WORK REQUIRED:
Please set down the lines of the listing exactly, from its first line to the line with "Khatanga average daily sunshine chart", leaving the pictures out.

SUPPLIED MATERIAL:
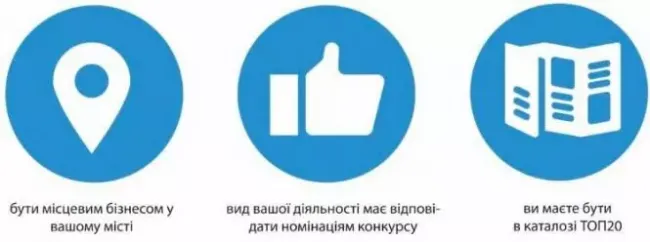 Новини Вінниці - фото з Обираємо кращих: розпочинається голосування за «Народний бренд 2025» для вінницьких бізнесів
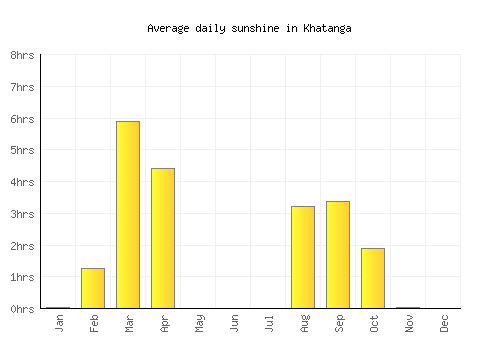 Khatanga average daily sunshine chart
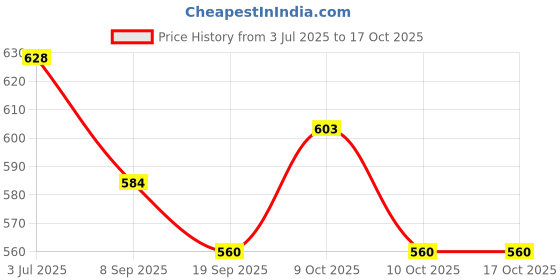flipkart.com himanshu tex Baby Playgym for Babies Activity Play Gym Mat Foldable Durable Cotton Play Mat himanshu tex Price History Graph from 3 Jul 2025 to 15 Oct 2025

PROBLEM SOLUTION:
 Новини Вінниці - фото з Обираємо кращих: розпочинається голосування за «Народний бренд 2025» для вінницьких бізнесів
 Khatanga average daily sunshine chart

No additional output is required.